Smart capital allocation - Has the company been doing things with its discretionary free cash flows that make sense? Whether it's share repurchase, dividends, acquisitions, capex, whatever, it's important to see that management is acting in shareholders' best interests.

One time issues set to resolve - A lot of times, a potential turnaround investment is beset by a some unusual item, be it competitive, legal, regulatory, whatever. Investors tend to extrapolate risks associated with these issues excessively, providing opportunity and catalysts upon their resolution.

Secular growth potential - Turnaround investments work best when time is on your side. If the company participates in a stagnant or declining market, then passage of time can reduce the value of the enterprise. On the other hand, if the underlying markets are growing, then frequently the investment (if made at the right price) can succeed whether or not your specific thesis turns out to be correct.

Strong balance sheet - Again, turnaround investments work best when time is on your side. Large interest payments and negative free cash flow can put a short fuse on the investment, requiring the turn to come before the bomb goes off.

Good corporate governance - What does the Board of Directors look like? Are they smart people who understand financial markets? Or are they moderately successful local businessmen likely to be overly impressed by the CEO? The former is good, while the latter can be indicative of a situation that will be much more difficult to change if things start going badly.

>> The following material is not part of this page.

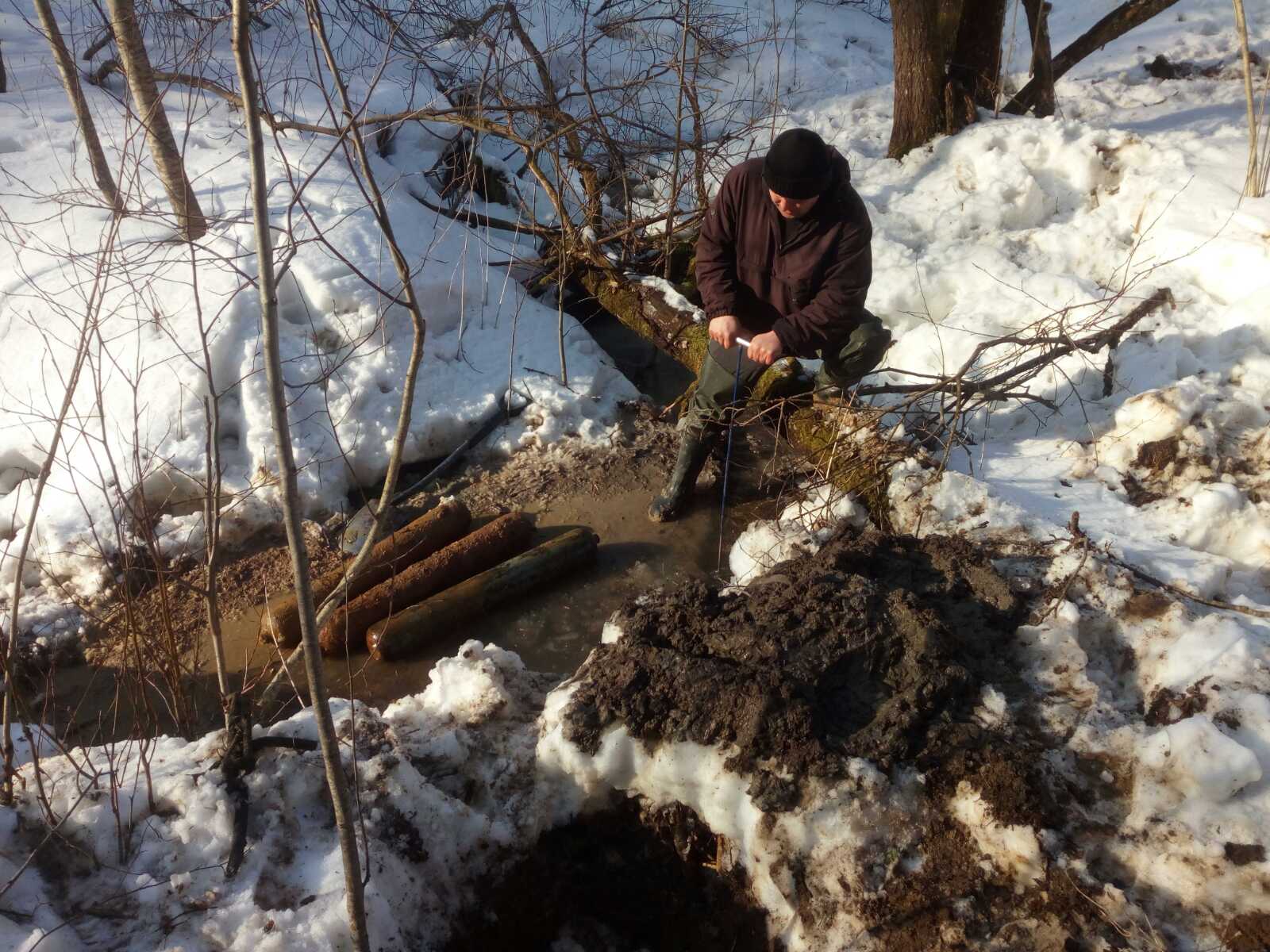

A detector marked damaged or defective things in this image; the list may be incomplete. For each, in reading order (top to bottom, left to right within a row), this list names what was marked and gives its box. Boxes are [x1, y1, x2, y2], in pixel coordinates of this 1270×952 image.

rusty metal cylinder [257, 500, 472, 650]
rusty metal cylinder [322, 515, 536, 654]
rusty metal cylinder [365, 523, 597, 665]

Negative Street sentiment - I think we all agree that Wall Street research is borderline useless for great proprietary insights, but I think it does provide a useful gauge of sentiment for companies that are followed by more than 5 analysts. If 2/3rd's or more of the Street analysts have a Hold or Sell on the company, it's typically a good sign that general investment sentiment around the stock is negative, providing opportunity for mis-pricing to occur.

Under-followed stock - Similarly, there are many companies that haven't yet gotten good Street coverage relative to their peers, or have something very confusing about them (such as multiple divisions, with the Street focusing on the wrong one). These situation can lead to mis-pricing.

Other smart shareholders - It's never a bad thing if a low turnover, long-only firm you greatly admire (Dodge & Cox, Southeastern, Brandes, Harris, Pzena, etc) has a large position in a company you're analyzing, especially if they've been buying recently.

Insider buying - While it's tough to get good signals from insider sales, large insider purchases are difficult to interpret negatively.

Hope this is helpful. Obviously, what works for me might be useless to someone else, and this is heavily biased towards contrarian turnaround situations. But it's helpful for me to write all these down, as before they were just floating around in my head. Anyone have any others to add?